> Task:
Would you give the data below back exactly as it reads?

> Entries shown:
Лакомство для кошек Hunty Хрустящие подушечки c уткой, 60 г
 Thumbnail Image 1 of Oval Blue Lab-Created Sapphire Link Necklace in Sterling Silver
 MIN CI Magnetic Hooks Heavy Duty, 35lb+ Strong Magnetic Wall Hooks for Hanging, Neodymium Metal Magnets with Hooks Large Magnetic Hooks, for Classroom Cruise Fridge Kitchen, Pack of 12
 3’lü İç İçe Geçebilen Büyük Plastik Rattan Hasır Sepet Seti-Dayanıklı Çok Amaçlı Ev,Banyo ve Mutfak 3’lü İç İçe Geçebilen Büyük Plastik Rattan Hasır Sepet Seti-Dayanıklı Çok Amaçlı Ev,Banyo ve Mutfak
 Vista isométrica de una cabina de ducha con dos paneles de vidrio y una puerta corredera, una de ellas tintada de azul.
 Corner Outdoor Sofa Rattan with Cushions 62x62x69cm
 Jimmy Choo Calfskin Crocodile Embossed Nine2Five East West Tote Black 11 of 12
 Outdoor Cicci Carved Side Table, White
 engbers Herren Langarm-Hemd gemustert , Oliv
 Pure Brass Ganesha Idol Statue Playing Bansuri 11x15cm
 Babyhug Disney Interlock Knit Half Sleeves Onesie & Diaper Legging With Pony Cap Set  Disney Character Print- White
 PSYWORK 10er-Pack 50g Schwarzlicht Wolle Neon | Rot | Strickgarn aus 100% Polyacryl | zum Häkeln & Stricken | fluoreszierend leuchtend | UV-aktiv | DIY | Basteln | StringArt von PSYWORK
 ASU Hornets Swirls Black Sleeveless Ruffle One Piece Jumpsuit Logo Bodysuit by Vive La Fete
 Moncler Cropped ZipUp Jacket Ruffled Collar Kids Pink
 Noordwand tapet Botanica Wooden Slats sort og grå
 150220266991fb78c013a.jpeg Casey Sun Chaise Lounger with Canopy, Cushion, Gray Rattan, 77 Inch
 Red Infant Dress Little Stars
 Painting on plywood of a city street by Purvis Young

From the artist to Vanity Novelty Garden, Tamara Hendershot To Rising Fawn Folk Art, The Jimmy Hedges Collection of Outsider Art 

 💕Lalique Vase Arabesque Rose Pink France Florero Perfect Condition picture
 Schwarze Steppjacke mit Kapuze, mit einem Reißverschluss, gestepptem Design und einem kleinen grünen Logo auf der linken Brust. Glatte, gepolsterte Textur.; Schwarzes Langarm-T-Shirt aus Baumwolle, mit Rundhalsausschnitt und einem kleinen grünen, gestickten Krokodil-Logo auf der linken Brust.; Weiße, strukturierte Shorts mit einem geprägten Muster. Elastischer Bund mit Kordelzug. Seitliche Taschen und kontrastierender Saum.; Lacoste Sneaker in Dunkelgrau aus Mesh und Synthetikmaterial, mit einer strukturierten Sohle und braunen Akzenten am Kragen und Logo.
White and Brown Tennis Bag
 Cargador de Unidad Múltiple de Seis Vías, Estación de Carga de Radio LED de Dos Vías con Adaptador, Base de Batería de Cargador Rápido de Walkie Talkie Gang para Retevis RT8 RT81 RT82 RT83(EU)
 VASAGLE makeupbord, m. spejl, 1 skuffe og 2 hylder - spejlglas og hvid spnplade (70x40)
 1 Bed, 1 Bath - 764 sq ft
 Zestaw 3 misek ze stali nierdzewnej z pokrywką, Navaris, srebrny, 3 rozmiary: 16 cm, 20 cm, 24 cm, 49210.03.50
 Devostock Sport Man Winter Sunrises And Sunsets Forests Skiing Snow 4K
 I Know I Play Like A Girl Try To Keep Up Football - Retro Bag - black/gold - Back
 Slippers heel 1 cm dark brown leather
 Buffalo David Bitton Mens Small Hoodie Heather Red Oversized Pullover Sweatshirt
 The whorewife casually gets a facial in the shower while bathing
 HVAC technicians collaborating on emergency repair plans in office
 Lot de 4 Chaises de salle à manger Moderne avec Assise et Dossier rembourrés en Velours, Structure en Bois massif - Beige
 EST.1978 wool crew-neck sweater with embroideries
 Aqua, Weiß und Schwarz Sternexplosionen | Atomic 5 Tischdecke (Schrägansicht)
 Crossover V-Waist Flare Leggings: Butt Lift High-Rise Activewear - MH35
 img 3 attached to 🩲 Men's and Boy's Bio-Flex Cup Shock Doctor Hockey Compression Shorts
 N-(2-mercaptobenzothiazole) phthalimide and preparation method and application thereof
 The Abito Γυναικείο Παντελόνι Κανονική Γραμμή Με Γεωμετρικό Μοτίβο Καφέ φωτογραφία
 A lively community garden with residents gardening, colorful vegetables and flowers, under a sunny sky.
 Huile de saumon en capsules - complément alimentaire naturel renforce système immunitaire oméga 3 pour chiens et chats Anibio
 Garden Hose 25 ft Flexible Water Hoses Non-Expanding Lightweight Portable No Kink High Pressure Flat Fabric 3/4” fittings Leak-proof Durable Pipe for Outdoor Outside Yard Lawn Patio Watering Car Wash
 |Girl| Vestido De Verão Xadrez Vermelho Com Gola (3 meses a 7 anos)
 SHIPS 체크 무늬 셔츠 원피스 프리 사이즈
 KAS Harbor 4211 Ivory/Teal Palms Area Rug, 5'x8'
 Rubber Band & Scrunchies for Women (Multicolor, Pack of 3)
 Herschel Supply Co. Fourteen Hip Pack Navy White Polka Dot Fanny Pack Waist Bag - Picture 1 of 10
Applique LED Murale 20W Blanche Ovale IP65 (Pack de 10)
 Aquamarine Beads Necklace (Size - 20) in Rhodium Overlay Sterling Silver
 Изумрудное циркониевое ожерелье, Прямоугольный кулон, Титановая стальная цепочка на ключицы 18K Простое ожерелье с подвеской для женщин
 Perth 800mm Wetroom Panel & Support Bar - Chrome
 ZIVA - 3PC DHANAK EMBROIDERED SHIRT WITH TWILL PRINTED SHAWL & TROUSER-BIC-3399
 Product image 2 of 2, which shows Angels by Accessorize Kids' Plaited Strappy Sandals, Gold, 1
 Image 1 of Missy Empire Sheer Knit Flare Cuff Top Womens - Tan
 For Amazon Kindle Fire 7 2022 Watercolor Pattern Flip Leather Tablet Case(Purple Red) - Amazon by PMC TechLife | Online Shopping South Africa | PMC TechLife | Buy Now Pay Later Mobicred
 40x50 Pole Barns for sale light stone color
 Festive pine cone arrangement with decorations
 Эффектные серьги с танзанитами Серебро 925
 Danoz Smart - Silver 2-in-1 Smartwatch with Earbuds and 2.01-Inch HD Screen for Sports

> Written response:
Лакомство для кошек Hunty Хрустящие подушечки c уткой, 60 г
 Thumbnail Image 1 of Oval Blue Lab-Created Sapphire Link Necklace in Sterling Silver
 MIN CI Magnetic Hooks Heavy Duty, 35lb+ Strong Magnetic Wall Hooks for Hanging, Neodymium Metal Magnets with Hooks Large Magnetic Hooks, for Classroom Cruise Fridge Kitchen, Pack of 12
 3’lü İç İçe Geçebilen Büyük Plastik Rattan Hasır Sepet Seti-Dayanıklı Çok Amaçlı Ev,Banyo ve Mutfak 3’lü İç İçe Geçebilen Büyük Plastik Rattan Hasır Sepet Seti-Dayanıklı Çok Amaçlı Ev,Banyo ve Mutfak
 Vista isométrica de una cabina de ducha con dos paneles de vidrio y una puerta corredera, una de ellas tintada de azul.
 Corner Outdoor Sofa Rattan with Cushions 62x62x69cm
 Jimmy Choo Calfskin Crocodile Embossed Nine2Five East West Tote Black 11 of 12
 Outdoor Cicci Carved Side Table, White
 engbers Herren Langarm-Hemd gemustert , Oliv
 Pure Brass Ganesha Idol Statue Playing Bansuri 11x15cm
 Babyhug Disney Interlock Knit Half Sleeves Onesie & Diaper Legging With Pony Cap Set  Disney Character Print- White
 PSYWORK 10er-Pack 50g Schwarzlicht Wolle Neon | Rot | Strickgarn aus 100% Polyacryl | zum Häkeln & Stricken | fluoreszierend leuchtend | UV-aktiv | DIY | Basteln | StringArt von PSYWORK
 ASU Hornets Swirls Black Sleeveless Ruffle One Piece Jumpsuit Logo Bodysuit by Vive La Fete
 Moncler Cropped ZipUp Jacket Ruffled Collar Kids Pink
 Noordwand tapet Botanica Wooden Slats sort og grå
 150220266991fb78c013a.jpeg Casey Sun Chaise Lounger with Canopy, Cushion, Gray Rattan, 77 Inch
 Red Infant Dress Little Stars
 Painting on plywood of a city street by Purvis Young

From the artist to Vanity Novelty Garden, Tamara Hendershot To Rising Fawn Folk Art, The Jimmy Hedges Collection of Outsider Art 

 💕Lalique Vase Arabesque Rose Pink France Florero Perfect Condition picture
 Schwarze Steppjacke mit Kapuze, mit einem Reißverschluss, gestepptem Design und einem kleinen grünen Logo auf der linken Brust. Glatte, gepolsterte Textur.; Schwarzes Langarm-T-Shirt aus Baumwolle, mit Rundhalsausschnitt und einem kleinen grünen, gestickten Krokodil-Logo auf der linken Brust.; Weiße, strukturierte Shorts mit einem geprägten Muster. Elastischer Bund mit Kordelzug. Seitliche Taschen und kontrastierender Saum.; Lacoste Sneaker in Dunkelgrau aus Mesh und Synthetikmaterial, mit einer strukturierten Sohle und braunen Akzenten am Kragen und Logo.
White and Brown Tennis Bag
 Cargador de Unidad Múltiple de Seis Vías, Estación de Carga de Radio LED de Dos Vías con Adaptador, Base de Batería de Cargador Rápido de Walkie Talkie Gang para Retevis RT8 RT81 RT82 RT83(EU)
 VASAGLE makeupbord, m. spejl, 1 skuffe og 2 hylder - spejlglas og hvid spnplade (70x40)
 1 Bed, 1 Bath - 764 sq ft
 Zestaw 3 misek ze stali nierdzewnej z pokrywką, Navaris, srebrny, 3 rozmiary: 16 cm, 20 cm, 24 cm, 49210.03.50
 Devostock Sport Man Winter Sunrises And Sunsets Forests Skiing Snow 4K
 I Know I Play Like A Girl Try To Keep Up Football - Retro Bag - black/gold - Back
 Slippers heel 1 cm dark brown leather
 Buffalo David Bitton Mens Small Hoodie Heather Red Oversized Pullover Sweatshirt
 The whorewife casually gets a facial in the shower while bathing
 HVAC technicians collaborating on emergency repair plans in office
 Lot de 4 Chaises de salle à manger Moderne avec Assise et Dossier rembourrés en Velours, Structure en Bois massif - Beige
 EST.1978 wool crew-neck sweater with embroideries
 Aqua, Weiß und Schwarz Sternexplosionen | Atomic 5 Tischdecke (Schrägansicht)
 Crossover V-Waist Flare Leggings: Butt Lift High-Rise Activewear - MH35
 img 3 attached to 🩲 Men's and Boy's Bio-Flex Cup Shock Doctor Hockey Compression Shorts
 N-(2-mercaptobenzothiazole) phthalimide and preparation method and application thereof
 The Abito Γυναικείο Παντελόνι Κανονική Γραμμή Με Γεωμετρικό Μοτίβο Καφέ φωτογραφία
 A lively community garden with residents gardening, colorful vegetables and flowers, under a sunny sky.
 Huile de saumon en capsules - complément alimentaire naturel renforce système immunitaire oméga 3 pour chiens et chats Anibio
 Garden Hose 25 ft Flexible Water Hoses Non-Expanding Lightweight Portable No Kink High Pressure Flat Fabric 3/4” fittings Leak-proof Durable Pipe for Outdoor Outside Yard Lawn Patio Watering Car Wash
 |Girl| Vestido De Verão Xadrez Vermelho Com Gola (3 meses a 7 anos)
 SHIPS 체크 무늬 셔츠 원피스 프리 사이즈
 KAS Harbor 4211 Ivory/Teal Palms Area Rug, 5'x8'
 Rubber Band & Scrunchies for Women (Multicolor, Pack of 3)
 Herschel Supply Co. Fourteen Hip Pack Navy White Polka Dot Fanny Pack Waist Bag - Picture 1 of 10
Applique LED Murale 20W Blanche Ovale IP65 (Pack de 10)
 Aquamarine Beads Necklace (Size - 20) in Rhodium Overlay Sterling Silver
 Изумрудное циркониевое ожерелье, Прямоугольный кулон, Титановая стальная цепочка на ключицы 18K Простое ожерелье с подвеской для женщин
 Perth 800mm Wetroom Panel & Support Bar - Chrome
 ZIVA - 3PC DHANAK EMBROIDERED SHIRT WITH TWILL PRINTED SHAWL & TROUSER-BIC-3399
 Product image 2 of 2, which shows Angels by Accessorize Kids' Plaited Strappy Sandals, Gold, 1
 Image 1 of Missy Empire Sheer Knit Flare Cuff Top Womens - Tan
 For Amazon Kindle Fire 7 2022 Watercolor Pattern Flip Leather Tablet Case(Purple Red) - Amazon by PMC TechLife | Online Shopping South Africa | PMC TechLife | Buy Now Pay Later Mobicred
 40x50 Pole Barns for sale light stone color
 Festive pine cone arrangement with decorations
 Эффектные серьги с танзанитами Серебро 925
 Danoz Smart - Silver 2-in-1 Smartwatch with Earbuds and 2.01-Inch HD Screen for Sports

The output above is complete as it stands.